The February palm oil contract closed Thursday's session (23) stable with a downward bias (-0.05%) on the Malaysian Derivatives Exchange (MDEX), quoted at US$ 1,004.75/ton, but with an accumulated weekly gain of 1.95%. The March contract fell 1.25 points and 0.13%, to US$ 971.50/t.
In this trading session, the negative performance on the Dalian Stock Exchange, which fell 2.25%, put pressure on commodity prices. As for the soybean yield on the Chinese stock exchange, the most active contract fell 1.29%.
China, the world's largest buyer of soybeans, revealed that five Brazilian companies did not meet plant health standards and, as a result, stopped receiving shipments of the commodity, causing a wave of sales in the markets.
On the eve (22), Achmad Maulizal, an authority at BPDPKS, the Indonesian palm oil funding agency, stated that the entity has already resumed funds to subsidize the mandatory replanting and biodiesel programs for the commodity.
Furthermore, there is also the news about the drop in Malaysian exports of palm products.
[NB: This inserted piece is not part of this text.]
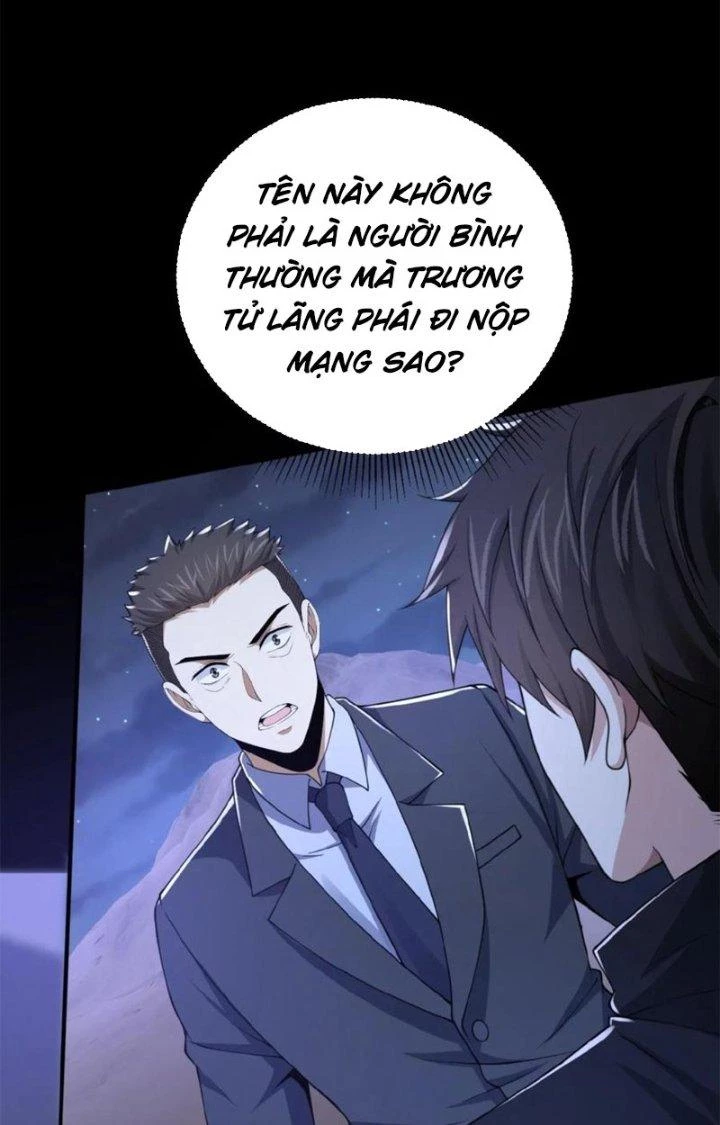 Gọi Ta Là Quỷ Sai Đại Nhân Chapter 29 - 13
Between January 1 and 20, exports fell between 18.2% and 23%. These figures were released by cargo inspection companies Intertek Testing Services and AmSpec Agri Malaysia, reinforcing concerns about the market's performance.
On the radar, a Reuters survey revealed a projection of an increase in Malaysian crude palm oil futures contracts in 2025. The forecast indicates an increase in relation to prices recorded in 2024. This expectation is linked to the growth in consumption of biodiesel based on the commodity.